The principles are based on the theories of learning, mainly the constructivist theory, the current approaches and methods to language teaching and the currently adopted principles of syllabus design and materials development.
Variety in the teaching approach is a prerequisite for successful teaching in language classes. By approaching the tasks and the activities differently, the teacher ensures that he/she’s meeting the needs of the different learner styles within the class. Having said this, all teaching should be within the communicative (in the broadest sense of communicative) sphere; that is to say, no matter what method you adopt as a teacher, the learners should aim towards the use of the target structure or function or skill in authentic real-life situations.
Whatever the approach is, teaching should lead the learners towards the ultimate use of the target structure, function, and notion or vocabulary item for meaningful and authentic communicative purposes. For this reason, specifying the target competencies for any lesson should be in the form of performance outcomes like ‘by the end of this lesson, students should be able to express/ ask for/ use/ say/ etc…’. Focus should also be on equipping the learners with real-life competencies such as ‘finding relevant information’, ‘delivering an effective presentation’, ‘compensating for lack of a word in an interaction’…

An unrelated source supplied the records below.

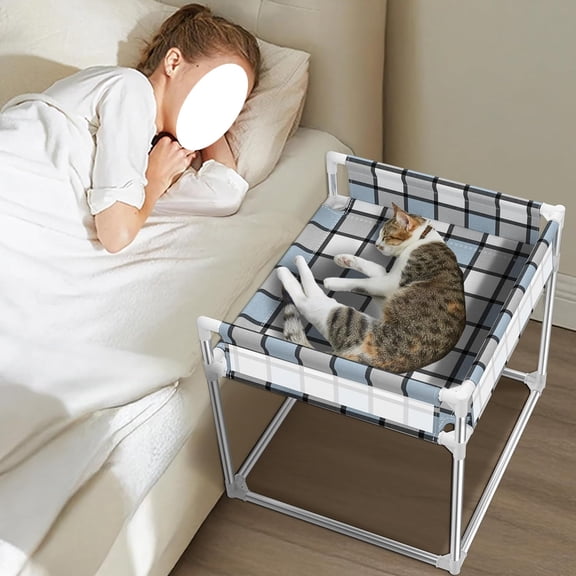 Bedside Window Pet Cat Bed - Dog Bed with Guardrail Extension Attached to Human Bed Height Elevated Dogs Cats Window Perch Bedside Dog Cot Sleeper Hammock Furniture Pet Beds (20'' x 20'' x 24'')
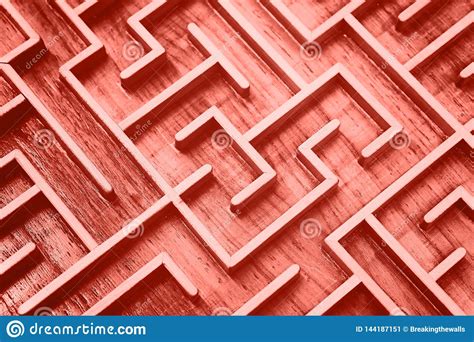 Coral Pink Toned Wooden Labyrinth Maze Puzzle Stock Image Image Of Metaphor Maze 144187151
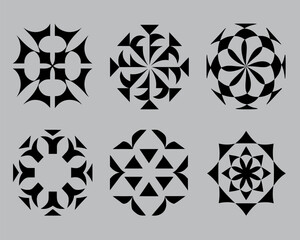 Six Geometric Black and White Mandala Designs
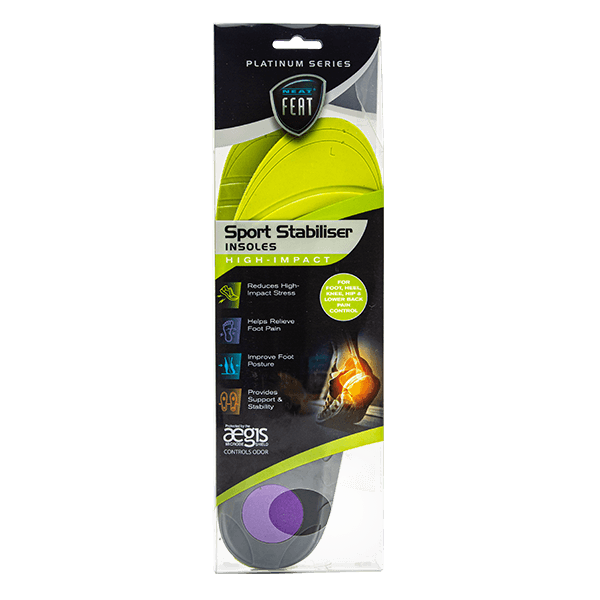 Platinum Series Sport High Impact Stabiliser Insole, with both insoles flipped within the mostly clear packaging to expose the underside. The insoles feature a yellow, black, and purple design, highlighting their stabilising and impact-absorbing features.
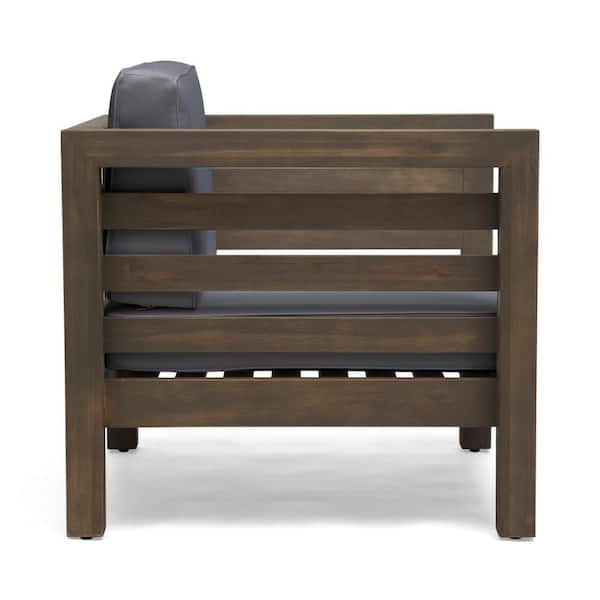 Oana Grey 5-Piece Wood Outdoor Patio Conversation Sectional Seating Set with Dark Grey Cushions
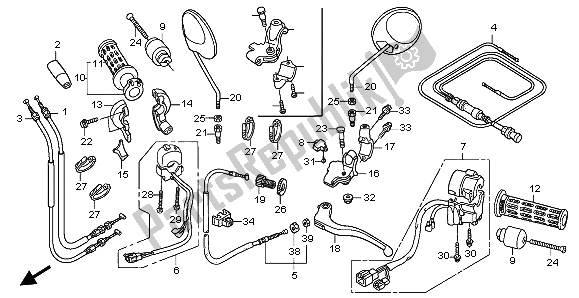 Tutte le parti per il Maniglia Leva E Interruttore E Cavo del Honda XL 125V 80 KMH 2003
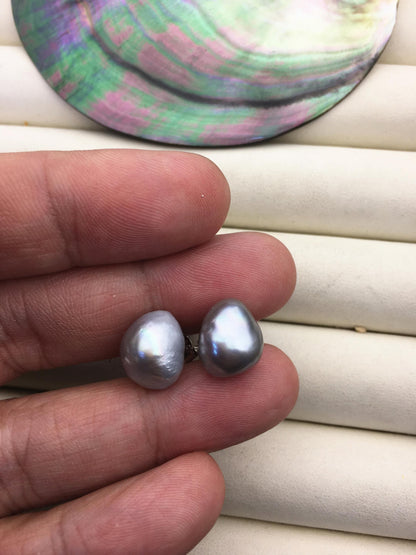 1 pair AAA 11mm Gray Nugget baroque stud earrings - Freshwater Pearls earrings - SE3-T17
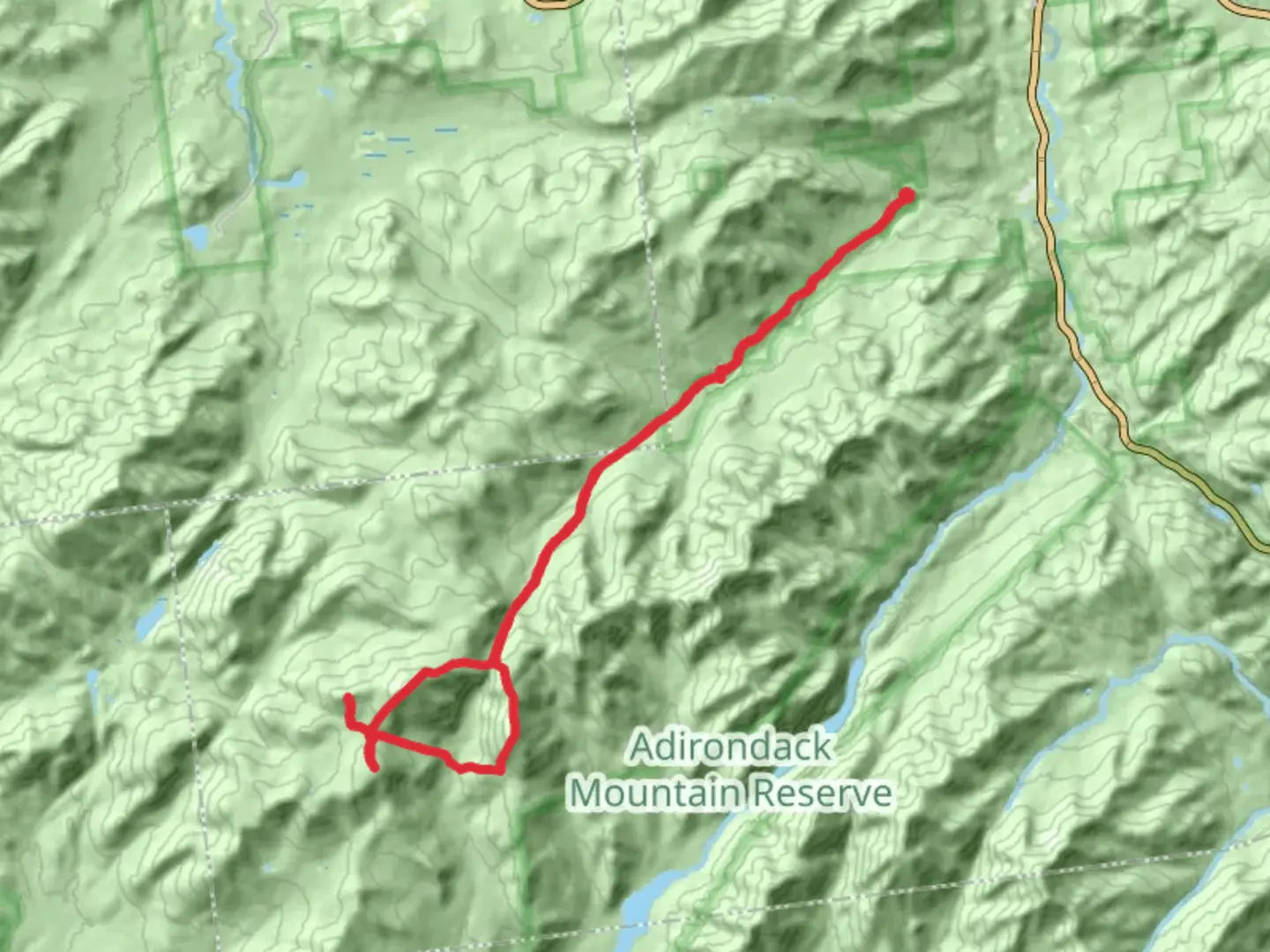 An image depicting the trail Little Haystack, Mount Skylight and Grey Peak via Phelps Trail and its surrounding area.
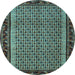 Round Abstract Light Blue Contemporary Rug, con659lblu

Having said (in different contexts) that the teaching of grammar and language functions should be text-based, the teacher’s role in the teaching of these two components should be that of a facilitator. The teacher should plan text-based lessons and guide the learners to notice the target structure/functions in the text. Then, the learners discover both the form(s) and the use(s) of the target structure/function. Adopting a discovery-based approach to the teaching of language enhances the learners’ autonomous learning, and trains them to, independently, understand the unfamiliar language in its further real-life situations.
All the content that is embedded within the lesson should be theme-related. The theme is at the center of all the skills. Therefore, whatever skill the teacher is dealing with should evolve around the same theme. In addition to the reading/listening texts, the grammar and functions lessons should also start from theme-based authentic materials. The topics that are to be dealt with in writing tasks should be theme-centered as well.
|CONNECT TO OTHER DESCIPLINES/CULTURES:
Linking the teaching of English to other disciplines/cultures enhances both language learning and cultural awareness. By linking English to other subject matters, you tap on the learner’s already existing schemata. This facilitates further learning, and boosts the learner’s confidence to use English by talking about subjects/topics they already know. It is also necessary to link language teaching to other aspects of local or global cultures. This brings language to the heart of real-life communication.
Teaching reading, listening and writing should move from testing-like classes towards a more focus on strategy training. Teachers are invited to raise the learners’ awareness to the type of strategy which is appropriate for the target sub-skill. It is recommended that teachers talk about strategies explicitly, model them, and subsequently ask the learners to practice their use. Each reading/listening or writing lesson should focus on the practice of one or two strategies at a time.